Other symptoms of anemia in cats include:
- Jaundice (yellowing of the gums, eyes, or skin)
- Decreased appetite
- Red blood or dark tarry blood in stool
- Blood in vomit or urine
- Increased drinking and urination
Diagnosing Anemia in Cats
Bloodwork is the most basic test to diagnose anemia in cats. Simply identifying anemia through blood tests can be relatively easy, even if determining the cause may be much more involved.
Some anemias are more straightforward to diagnose while others require several rounds of testing or more invasive procedures like bone marrow aspirates, a procedure that tests the liquid part of the soft tissue inside a cat’s bones.

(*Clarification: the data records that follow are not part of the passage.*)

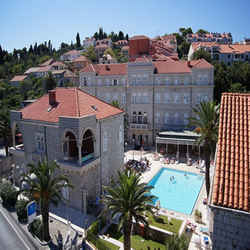 Lapad - Best Area to Stay in Dubrovnik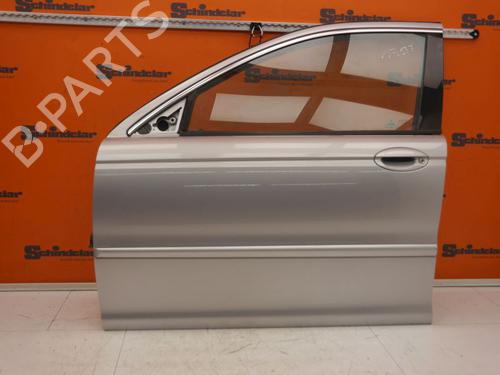 Used Left front door JAGUAR X-TYPE I (X400) 2.5 V6 All-wheel Drive (196 hp) 24411224
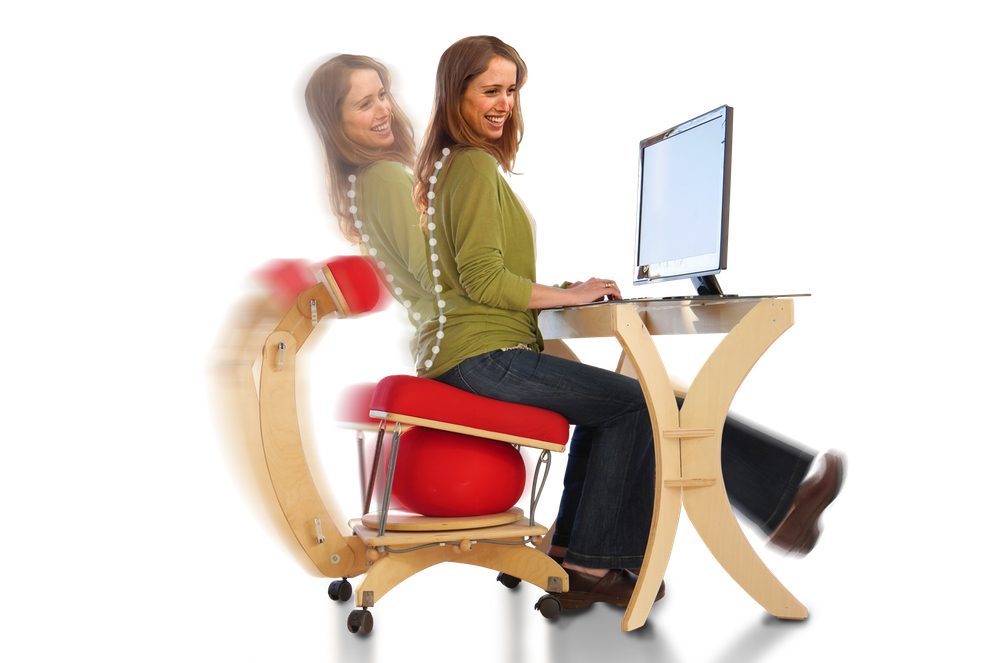 sprang chair balance ball launches on kickstarter the 0001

To diagnose the cause of anemia in cats, your veterinarian may also recommend FIV/FeLV testing, urine tests, radiographs (X-rays), or an abdominal ultrasound.
How to Treat Anemia in Cats
Treatment of anemia in cats depends on the cause. For some cats with flea-bite anemia, it may be as simple as getting them on reliable, veterinarian-recommended flea prevention.
Other times, particularly with kittens with flea-induced anemia, the red blood cell levels may be so low that they need blood transfusions and hospitalized care. The overall outcome for these kittens can still be good.
Sometimes, a cat with mild anemia may only display subtle differences in behavior. This is often the case in cats with slowly developing anemia due to conditions such as early kidney disease. In these cases, your veterinarian may work on treating the underlying disease with a dietary change or gastrointestinal support.
If a cat is showing symptoms and is noticeably unwell due to anemia or other underlying diseases or infections occurring with anemia, treatments may include hospitalization and blood transfusions.
Severe anemias that occur can lead to organ dysfunction, lethargy, susceptibility to other diseases, seizures, and even death. Working with your vet to get your cat appropriate supportive care can be invaluable in determining an appropriate treatment plan, prognosis, and quality of life for a cat with anemia.
How to Prevent Anemia in Cats
Not all types of anemias can be prevented in cats, however keeping up with monthly flea prevention as recommended by your veterinarian and keeping cats indoors are two good practices to put in place.
Cats that are on consistent monthly flea prevention are unlikely to develop flea infestations or flea-bite anemia as a result. Indoor cats are less likely to be exposed to trauma such as getting hit by cars and wildlife attacks, which could lead to blood loss and more severe injuries.
Keeping up with annual veterinary visits and blood work can also be helpful in monitoring your pet’s blood levels.